Der kleine Rest – Spielverständnis, Wettkampfhärte, Persönlichkeit – kam dann nach und nach. Zunächst bei Girondins Bordeaux, wo Zidane ab 1992 an der Seite von Könnern wie Bixente Lizarazu und Christophe Dugarry spielte und vier Jahre später fast den Uefa-Cup gewann – hätte die Mannschaft nicht in den Finalspielen gegen den FC Bayern verloren. Seine Titel sammelte Zinédine Zidane später woanders, von 1996 bis 2001 bei Juventus, danach bei Real Madrid und natürlich auch mit der französischen Nationalelf.

Die Auflistung seiner Titelgewinne und persönlichen Auszeichnungen ist ehrfurchteinflößend: Welt­ und Europameister, Champions­League­Sieger, italienischer und spanischer Meister, dreifacher Weltfußballer. Und doch ist Zidane ein Spieler, dessen Größe sich nicht in erster Linie über Pokale definieren lässt. Sondern vielmehr über die unzähligen Momente, in denen er etwas mit dem Ball angestellt hat, was die Leute den Atem anhalten ließ.
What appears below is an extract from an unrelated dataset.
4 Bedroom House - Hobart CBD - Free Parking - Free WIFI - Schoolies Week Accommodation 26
Besonders interessant ist in diesem Zusammenhang sein Spätwerk bei Real Madrid. Als Zidane ins Bernabeu kommt, ist er bereits knapp dreißig und 13 Jahre Profifußball haben ihre Spuren hinterlassen. „Man altert schlecht auf einem Fußballplatz“, hat er selbst gesagt. Andererseits ist der Zidane der Madrider Jahre mit allen Wassern gewaschen, seine Genialität speist sich aus einem wunderbaren Dreiklang: Technik trifft Auge trifft Ruhe am Ball.

Perfekt zu beobachten ist diese Symbiose am 5. Januar 2003 im Spiel gegen den FC Valencia. Ein kühler Winterabend, doch was die 65 000 Zuschauer im Estadio Santiago Bernabeu an diesem Abend zu sehen bekommen, lässt sie das unwirtliche Ambiente vergessen. Zinédine Zidane hat bereits das 1:0 des Brasilianers Ronaldo vorbereitet und das 2:1 selbst erzielt. Kurz vor Schluss steht es 3:1, dann gelingt Zidane eine Aktion – eigentlich ist es eine Kette von Aktionen –, die nicht weniger als einen der besten Assists aller Zeiten zur Folge haben.
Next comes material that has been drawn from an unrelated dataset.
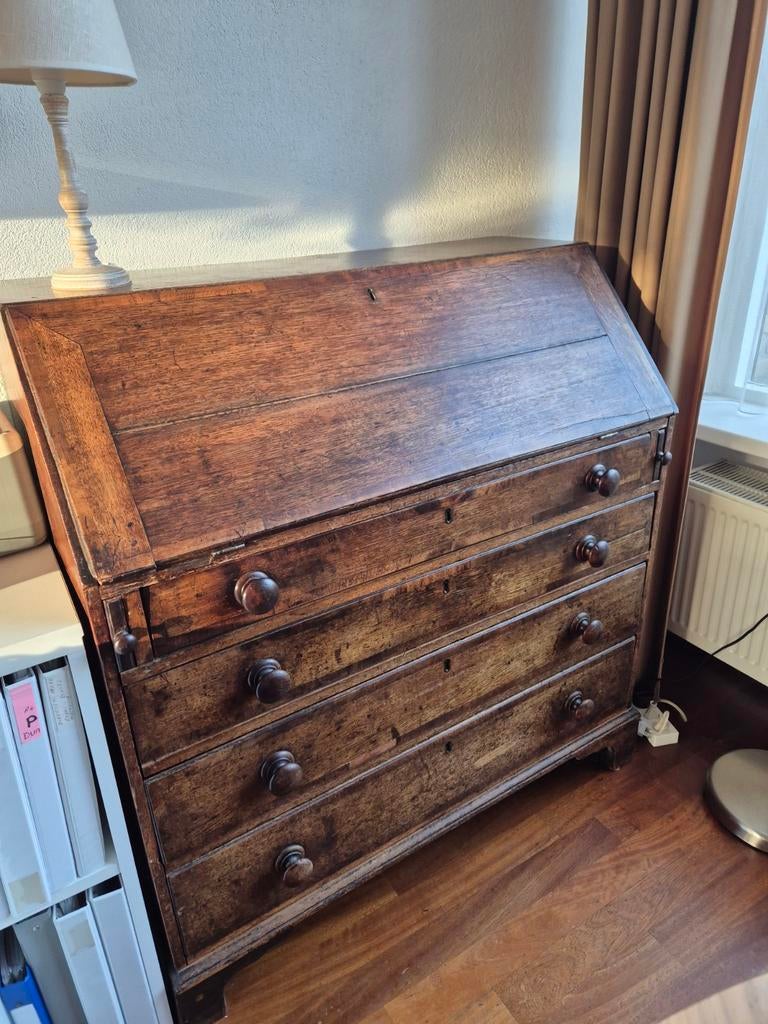 Antieke secretaire, Ophalen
Als der Franzose in Höhe des Mittelkreises angespielt wird, steht er mit dem Rücken zum Tor und wird sofort von hinten attackiert. Zidane zieht den Ball mit der rechten Sohle hinter seinem linken Standbein her – ein beliebter Trick von ihm! – und lässt den Gegner ins Leere laufen. Auf den nächsten läuft er frontal zu und schüttelt ihn mit einem eleganten Wackler ab wie eine lästige Fliege. Danach nähert er sich dem Strafraum, doch Valencias Viererkette steht. Reals Einwechselspieler Javier Portillo läuft um den äußeren Mann der Kette herum, und man denkt die ganze Zeit „Zidane, spiel doch endlich!“, doch er wartet, mit dem Ball am Fuß trabend, eine köstliche Ewigkeit, schaut zwischendurch gar in die andere Richtung, und als wir Nor­ malsterblichen denken, jetzt ist es aber zu spät, da endlich schiebt er die Kugel zentimetergenau durch die Schnittstelle auf Portillos Fuß, so wie er es in La Castellane tausendfach geübt haben wird. Der Rest ist Formsache.